A: A linear function is a function that can be represented in the form $f(x) = mx + b$ , where $m$ is the slope and $b$ is the y-intercept. A non-linear function, on the other hand, is a function that cannot be represented in this form. Examples of non-linear functions include quadratic functions, polynomial functions, and exponential functions.

A: To evaluate a function with a variable in the exponent, you need to use the properties of exponents. For example, if you have a function like $f(x) = 2^x$ , you can evaluate it by substituting the value of $x$ into the exponent. For example, if $x = 3$ , then $f(3) = 2^3 = 8$ .

A: Yes, you can use the distributive property to evaluate a function with multiple variables. For example, if you have a function like $f(x, y) = 2x + 3y$ , you can evaluate it by distributing the coefficients to each variable. For example, if $x = 2$ and $y = 3$ , then $f(2, 3) = 2(2) + 3(3) = 4 + 9 = 13$ .

A: To evaluate a function with a negative coefficient, you need to follow the same steps as evaluating a function with a positive coefficient. For example, if you have a function like $f(x) = -2x + 3$ , you can evaluate it by substituting the value of $x$ into the function. For example, if $x = 2$ , then $f(2) = -2(2) + 3 = -4 + 3 = -1$ .

A: Yes, you can use the order of operations to evaluate a function with multiple operations. For example, if you have a function like $f(x) = 2x + 3 - 4$ , you can evaluate it by following the order of operations: parentheses, exponents, multiplication and division, and addition and subtraction. For example, if $x = 2$ , then $f(2) = 2(2) + 3 - 4 = 4 + 3 - 4 = 3$ .

A: To evaluate a function with a variable in the denominator, you need to follow the same steps as evaluating a function with a variable in the numerator. For example, if you have a function like $f(x) = 2/x$ , you can evaluate it by substituting the value of $x$ into the function. For example, if $x = 2$ , then $f(2) = 2/2 = 1$ .

In this article, we answered some frequently asked questions related to evaluating functions and provided additional examples to help you understand the concepts better.

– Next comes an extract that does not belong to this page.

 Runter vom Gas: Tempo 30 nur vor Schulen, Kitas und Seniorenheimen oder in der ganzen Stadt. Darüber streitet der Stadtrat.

We hope that this article has been helpful in clarifying any doubts you may have had about evaluating functions. If you have any further questions or need additional help, please don't hesitate to ask.

A linear function is a function that can be represented in the form $f(x) = mx + b$ .
To evaluate a function with a variable in the exponent, you need to use the properties of exponents.
You can use the distributive property to evaluate a function with multiple variables.
To evaluate a function with a negative coefficient, you need to follow the same steps as evaluating a function with a positive coefficient.
You can use the order of operations to evaluate a function with multiple operations.
To evaluate a function with a variable in the denominator, you need to follow the same steps as evaluating a function with a variable in the numerator.